La reconstitution des faits qui avait lieu dimanche à Ajaccio n’a pas éclairé les zones d’ombre qui demeurent sur l’assassinat du préfet Erignac, laissant les parties civiles et la défense camper sur leurs positions respectives.
Cela faisait quatre ans qu’il n’avait plus mis un pied en Corse. Yvan Colonna a été transporté dimanche à Ajaccio (Corse du Sud), pour assister à la reconstitution des faits que lui et ses avocats n’ont cessé de réclamer durant des années. La cour d’assises spéciale de Paris a donc décidé de faire le déplacement : en tout, une quarantaine de personnes se sont données rendez-vous à la gendarmerie de Pietrosella (Corse du Sud) puis dans la rue du Colonel Colonna d’Ornano, à l’endroit même où le préfet Erignac a été abattu le 6 février 1998, près du théâtre Kalliste où il devait se rendre. Yvan Colonna était bien présent, en qualité d’observateur, puisqu’il refuse de participer à une reconstitution de faits auxquels il n’aurait jamais pris part. La famille Erignac de son côté n’a pas voulu se déplacer pour assister à ce qu’elle considère comme une perte de temps et d’argent.

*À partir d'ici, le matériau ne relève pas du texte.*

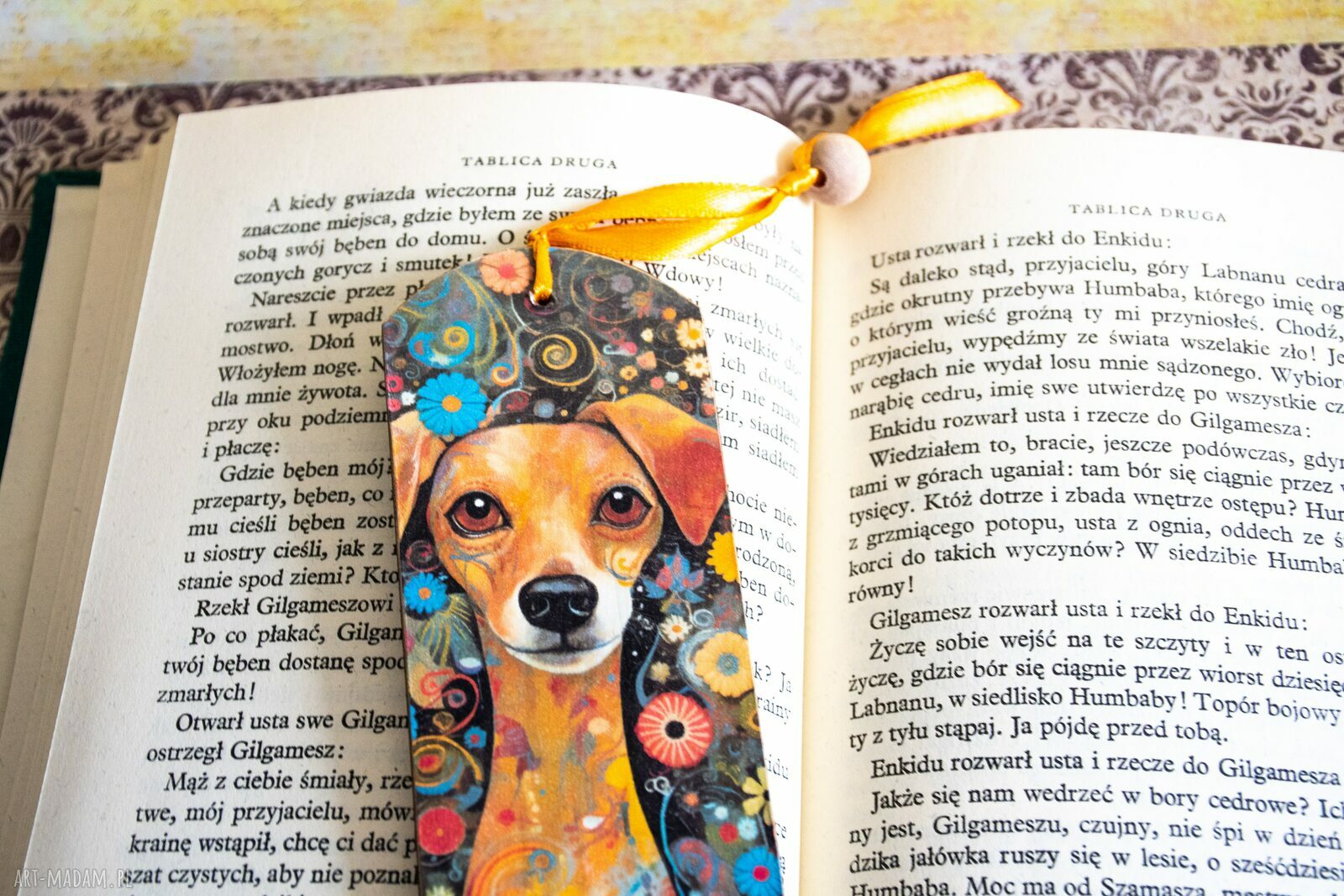 Drewniana zakładka do książki "Witaj piesku" - dla niej, handmade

La défense avait souhaité un déplacement sur les lieux de l’assassinat afin d’infirmer la thèse de l’accusation selon laquelle trois hommes ont été vus sur les lieux du crime le soir de l’assassinat. Une thèse qu’un témoin oculaire réfute, affirmant n’avoir aperçu que deux hommes. Après avoir passé un peu moins d’une heure sur les lieux, le cortège est reparti en direction de l’aéroport, laissant les avocats de la défense et ceux des parties civiles camper sur leurs positions initiales. Pour Me Pascal Garbarini, avocat d’Yvan Colonna, la reconstitution a permis « de voir qu’il y a beaucoup plus de thèses que celles de l’accusation ». Pour Me Benoît Chabert, avocat de la famille Erignac, « il est clair que si un troisième homme se trouvait caché un peu plus loin à gauche, il était invisible, donc la thèse [de deux hommes] est infirmée. »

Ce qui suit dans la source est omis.